Impor Jeroan Menuai Kritik, Kementan: Orang Eropa Juga Makan
Baturaja Radio - Rencana pemerintah untuk mengimpor jeroan sapi mengundang banyak kritik.
Pernyataan Menteri Pertanian Amran Sulaiman setahun lalu yang
mengatakan jeroan adalah makanan hewan pun menjadi pertanyaan masyarakat
mengapa kebijakan ini dilakukan.
Direktur Kesehatan Hewan Kementerian Pertanian Ketut Diarmita menjelaskan bahwasanya jeroan bukanlah makanan yang asing lagi bagi masyarakat Indonesia, termasuk di negara-negara maju Eropa.
"Secara kultur, masyarakat Indonesia sebenarnya makan jeroan sudah jadi budaya.
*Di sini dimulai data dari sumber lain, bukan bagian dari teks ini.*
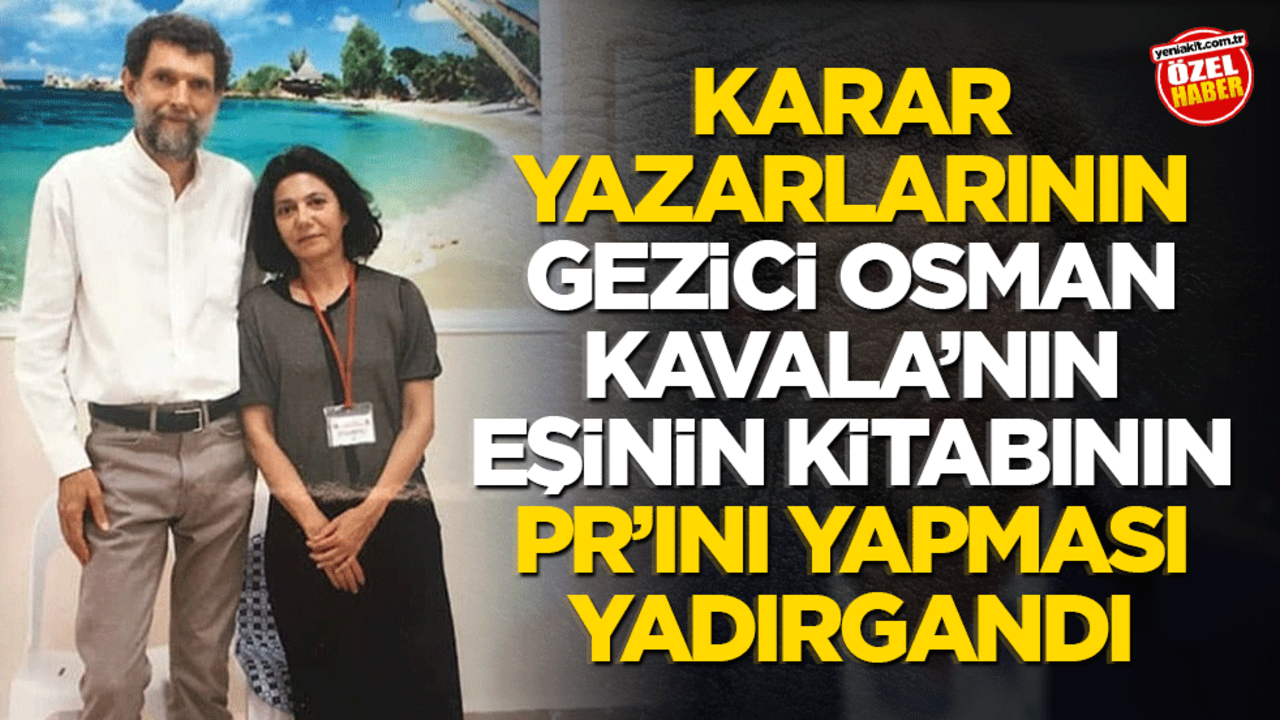 Karar yazarlarının Gezici Osman Kavala’nın eşinin kitabının PR’ını yapması yadırgandı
Artinya itu sebenarnya dari dulu tidak jadi masalah. Bahkan masyarakat tertentu jeroan makanan kelas tinggi," ujarnya di Gedung C Kementerian Pertanian, Jakarta, Selasa (19/7/2016).
"Dan yang makan jeroan sebenarnya bukan hanya kita di Indonesia. Di Eropa, seperti Italia, Spanyol, Skotlandia, Turki, Korea, Jepang masih makan jeroan," tambahnya.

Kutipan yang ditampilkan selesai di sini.